Best. Gay. Week. Ever. (April 17, 2009)

BEST.GAY.WEEK.EVER? I don't think so. First, there was that Amazon.com kerfuffle where the online merchant began treating almost all books dealing with gay subject matter (even purely academic ones) as adult content — excluding many very worthy titles from their sales rankings system and standard searches.

One sad result? When you type in "homosexuality" as a search on Amazon, the results are skewed dramatically toward crap like this:

(Here's my bit of unsolicited advice to Amazon shoppers who might be interested in A Parent's Guide to Preventing Homosexuality: "Do everyone a favor and don't have kids!")

So what's going on here? On the surface, it sure looked like Amazon had adopted some sort of conservative policy to effectively bury positive gay representation on their site.   

But then company spokespersons variously blamed it on a computer "glitch," and a "ham-fisted cataloging error" and made assurances they were working on a fix.

And then some supposed hacker genius named "Weev" announced he was the culprit behind the disappearing rankings for gay books. He claims to have hijacked Amazon's feature for user reporting of inappropriate content. And tellingly, Amazon.com shut off that feature this week. 

But I'm wondering if a mouth-breathing, Cheetos-fingered computer geek playing an appallingly bad joke really was behind it, or was it actually any number of conservative cranks who independently started going around on Amazon and flagging gay stuff as inappropriate?

You know, the sort of nutjobs who regularly contribute to Conservapedia.  That seems more likely to me.

I mean, the same thing happens all the time on YouTube and other online video-sharing sites, where gay or even simply gayish videos of the G and PG variety inexplicably wind up with the "warning mature content" message, while hate speech and soft porn — as long as it's of the hetero persuasion — seems to sail through uncensored. 

That's the trouble with websites that allow user flagging of inappropriate content — inevitably, the only users that bother to do it are the crackpots.

But if Amazon.com ever turns the feature back on I might just force myself to go through and started flagging stuff that I think is inappropriate. Stuff like The Parent's Guide to Preventing Homosexuality.  And I think I could also have a lot of fun uploading ironic photos to anti-gay titles with Amazon's "share your own customer image" feature! (Looks like at least one enterprising soul has already had the same idea.) 
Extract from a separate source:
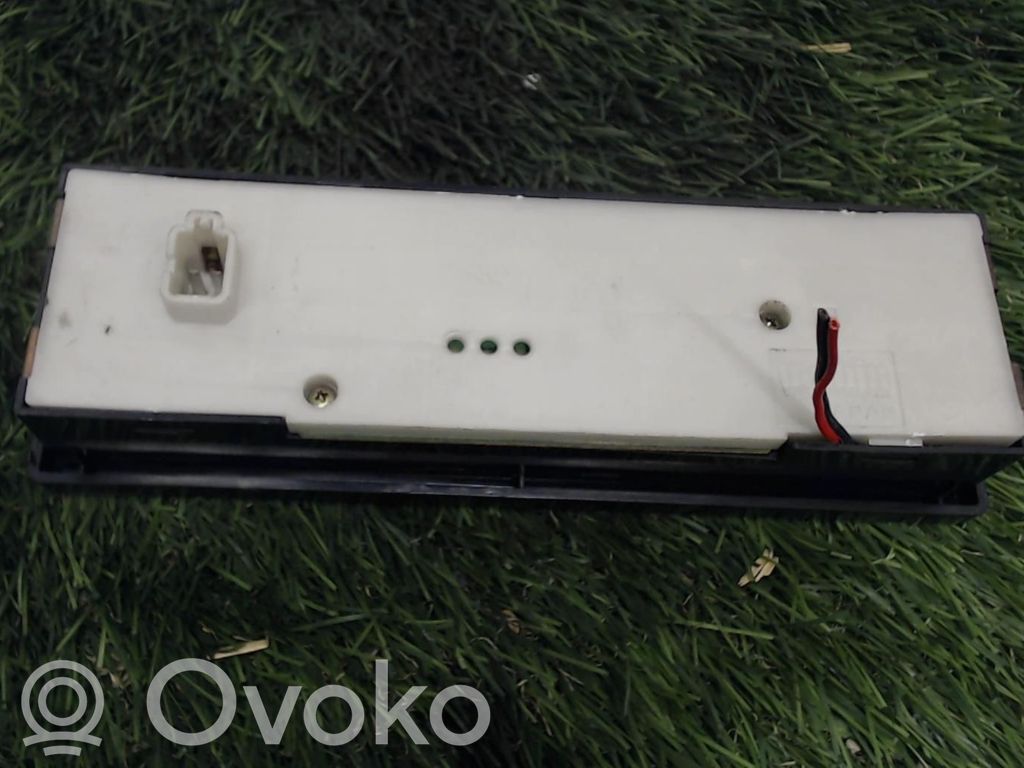 Mazda MX-6 Clock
Also contributing to a downer of a week: The plight of that poor gay elephant, Ninio. Through no fault of his own he finds himself stuck in a Polish zoo that apparently doesn't even want him. Said one Polish politico: “We didn’t pay 37 million zlotys (£7.6 million) for the largest elephant house in Europe to have a gay elephant live there.” 

Poor Ninio, its not like he had any say in the matter. It was purely luck of the draw. He might have been sunning himself at Busch Gardens Tampa Safari Park, or hobnobbing with the gay penguins at Manhattan's Central Park Zoo. Instead, he's stuck in Poland.


Photo credit: Greg Wood/AFP/Getty Images

You know, his story would make an absolutely perfect animated film from Disney or Dreamworks. Here's the pitch: Ninio, the young gay elephant is on his way to the Serengeti White Party when he gets waylaid by animal poachers and then sold to an Eastern Bloc zoo.

Things look bleak for the queer pachyderm when the close-minded zookeepers discover his orientation, but with the help of some colorful animal sidekicks (a wisecracking toucan, an effete lemur, and a mature though sexually predatory female cougar) Ninio manages to teach his Polish captors a thing or two about acceptance — by stampeding them to death.  

Okay, maybe that last bit is a little dark for an animated film.